The Elements of Style

Forthcoming in The Dolphin Handbook (New York: Houghton Mifflin, 1999).
copyright © Mark Turner 1996

Writing is torture for the writer who has not selected a style. A style comes not from surface choices large or small but from a set of answers to basic conceptual questions about truth, presentation, writer, reader, thought, language, and their relationships. Can truth be known? Can language be adequate to presentation? Who is speaking? What is the motive? Is there symmetry between writer and reader? Is the occasion formal or informal? Is writing a presentation of a completed thought, an engine of discovery, a self-replicating organism, a prison, or a fun-house mirror?

Questions like these are the elements of style. A consistent and mature suite of answers to them is a stand on the elements of style, and styles are defined by such stands. There are many styles, some specialized, some general: classic style, practical style, plain style, contemplative style, romantic style. We learn to write by learning a general style. From it, verbal skills and surface mechanical features flow. Writing is an intellectual activity that leads to verbal skills, but the verbal skills themselves do not lead to the activity. The relationship is not symmetric.

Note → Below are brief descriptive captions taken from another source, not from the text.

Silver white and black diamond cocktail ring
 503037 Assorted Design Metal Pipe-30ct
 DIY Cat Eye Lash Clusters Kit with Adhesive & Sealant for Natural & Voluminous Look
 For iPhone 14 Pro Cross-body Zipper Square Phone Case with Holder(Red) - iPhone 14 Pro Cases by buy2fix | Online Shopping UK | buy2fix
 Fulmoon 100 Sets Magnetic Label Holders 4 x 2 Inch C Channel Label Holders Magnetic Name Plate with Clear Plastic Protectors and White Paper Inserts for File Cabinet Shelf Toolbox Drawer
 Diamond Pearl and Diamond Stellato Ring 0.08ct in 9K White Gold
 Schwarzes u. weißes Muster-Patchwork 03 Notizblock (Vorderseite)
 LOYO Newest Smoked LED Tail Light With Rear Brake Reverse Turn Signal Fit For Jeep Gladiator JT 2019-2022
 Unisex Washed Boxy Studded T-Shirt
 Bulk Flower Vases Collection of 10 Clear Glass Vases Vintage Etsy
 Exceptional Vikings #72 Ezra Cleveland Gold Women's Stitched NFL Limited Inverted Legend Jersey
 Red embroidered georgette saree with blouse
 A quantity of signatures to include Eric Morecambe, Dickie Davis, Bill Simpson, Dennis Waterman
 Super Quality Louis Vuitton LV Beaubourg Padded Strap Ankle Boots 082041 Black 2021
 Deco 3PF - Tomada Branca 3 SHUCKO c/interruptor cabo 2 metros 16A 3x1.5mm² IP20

The distinction between the stand of the style and the acutal conditions of the writer is all-important. The writer may be nervous, unsure of facts and locutions, motivated by an imposed task, obliged to try to persuade an audience of a proposition he does not have the knowledge or experience to understand, driven to avoid punishment, or afflicted by any of the other conditions typical of the first-year student in a composition course, but he may choose a style in which the writer is competent and assured, the motive is truth, the purpose is presentation, prose is a window, the occasion is informal, and the model scene is conversation between equals. This is a substitution of classic style for an actual scene of mock argument, and it has an illustrious history of success.

What is good in one style may be bad in another. If you start off with a view of style as a list of verbal skills and surface mechanical elements at any level, then you can end up with the “correct” list and present it as constituting style rather than a style. There are many mature and effective styles. Each offers the qualities that follow from its stand on the elements of style. The virtues of classic style, for example, include the clarity and simplicity that come from matching language to thought on the motive of truth. Other styles have other virtues.